Social Identity Theory
Social identity theory is a good explanatory framework for many things in our social cognitions, relationships, and behaviors. The concepts of social categorization, social identification, and social comparison of in-group and out-group also explain the formation of social and cultural stereotypes.(Brown, 2000; Hogg, 2016; McLeod, 2019, October 24; Tajfel, 1982, 2001, Turner, Brown, & Tajfel, 1979); Tajfel & Turner, 1979/2004).
Social Categorization, Group identification, and Intergroup comparison
First, we categorize the things around us. Human perception tends to categorize objects to understand them. In the same way, humans categorize people and other social things to understand them. This is called “social categorization.”
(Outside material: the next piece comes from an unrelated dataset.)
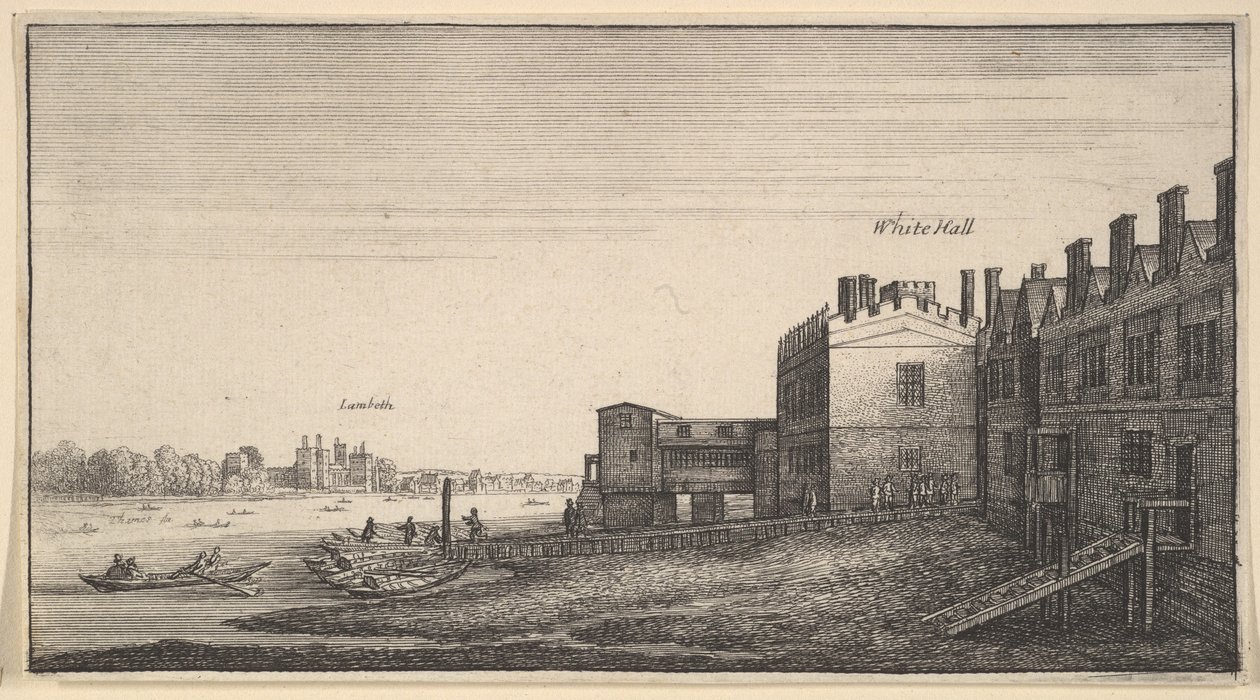 Vista del Palacio de Lambeth desde el río en Whitehall Stairs, 1625-77 de Wenceslaus Hollar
We apply such social categories as male and female, boys and girls, the social and gender roles of a child, the social roles of a parent, a student, or a businessman because they help us understand the social world around us. We learn that people can be of different genders and sexual orientations. People can be from the high, middle, or low socioeconomic classes. They can be liberals and conservatives, Christians and Muslims, Germans, Americans, and British. Then, we assign them to these categories to predict what to expect from them. This is the source of our cognitive schemas and stereotypes. This is how we grasp social, political, and gender roles.
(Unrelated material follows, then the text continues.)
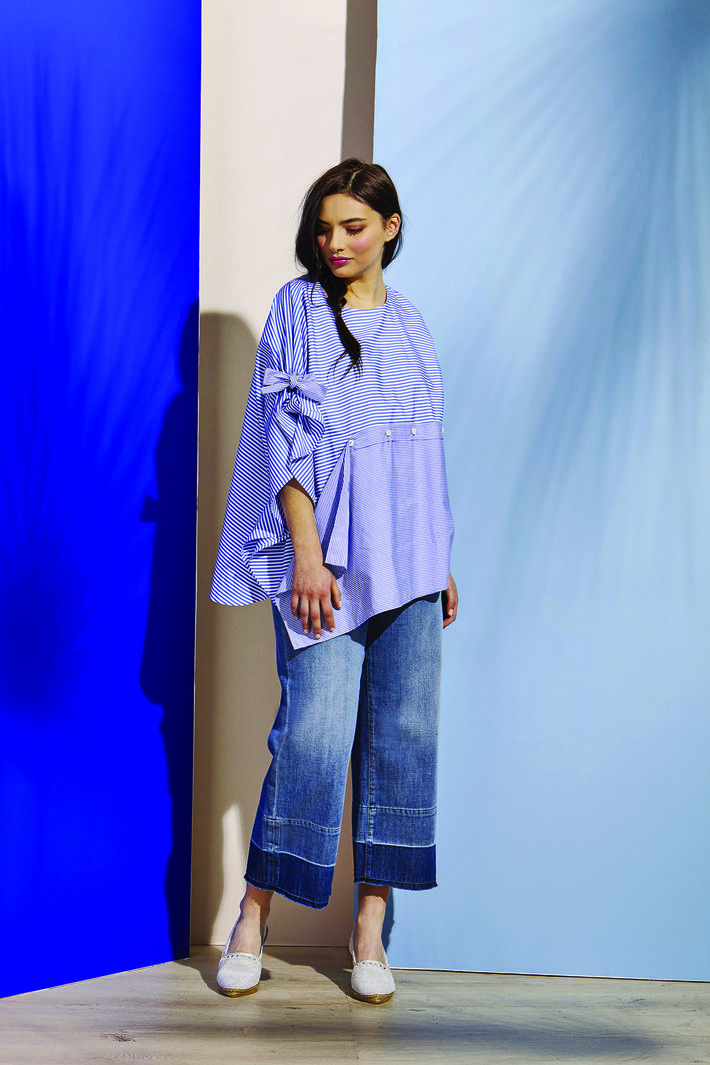 Pantalone cropped in denim Diffusione Tessile Pantalone cropped in denim Diffusione Tessile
Second, we socially identify ourselves as members of social categories and groups that we believe we then belong to. And then, we adopt the appropriate social identity of the group we have categorized ourselves as fitting into. This is called “social identification.”
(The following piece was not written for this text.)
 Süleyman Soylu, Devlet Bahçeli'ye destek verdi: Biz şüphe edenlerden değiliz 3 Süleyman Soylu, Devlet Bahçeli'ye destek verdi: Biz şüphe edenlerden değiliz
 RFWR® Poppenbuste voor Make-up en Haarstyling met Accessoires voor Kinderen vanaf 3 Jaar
If one categorizes herself as a girl, it is likely that she adopts the corresponding gender identity and behaves like a woman, conforming to the gender norms and roles of womanhood. For her, it is emotionally important to identify with this group, and her self-esteem becomes bound up with its membership.
Third, if we categorize ourselves as belonging to a social group and identify with that group, then we begin to compare “our group” with “other groups.” This is called “social comparison.” We tend to favorably compare our group to other groups. This allows us to maintain our self-esteem.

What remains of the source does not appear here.